§ YOUR INSTRUCTIONS
Everything from the line with "A Découvrir au Brésil - Le Pantanal" to the last line of the listing must be retyped exactly, both ends included, with the pictures dropped.

§ DATASET EXCERPT

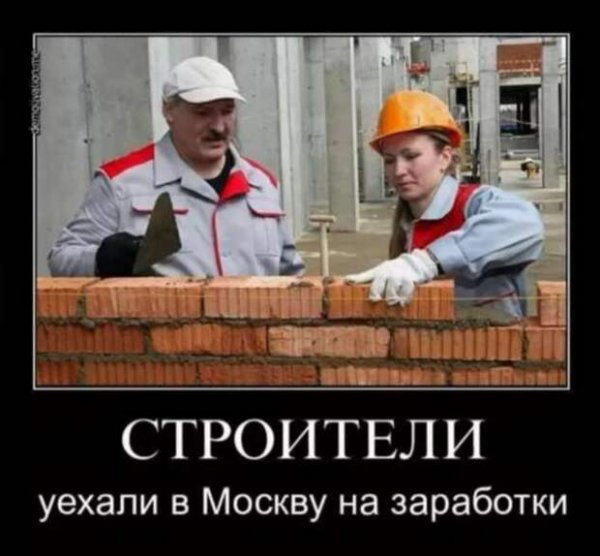 Собака в строительной каске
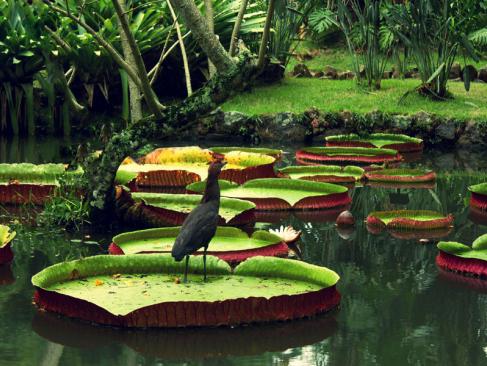 A Découvrir au Brésil - Le Pantanal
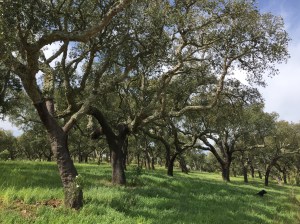 Gnarled cork trees in rows with green grass below and blue skies above.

§ YOUR SOLUTION
 A Découvrir au Brésil - Le Pantanal
 Gnarled cork trees in rows with green grass below and blue skies above.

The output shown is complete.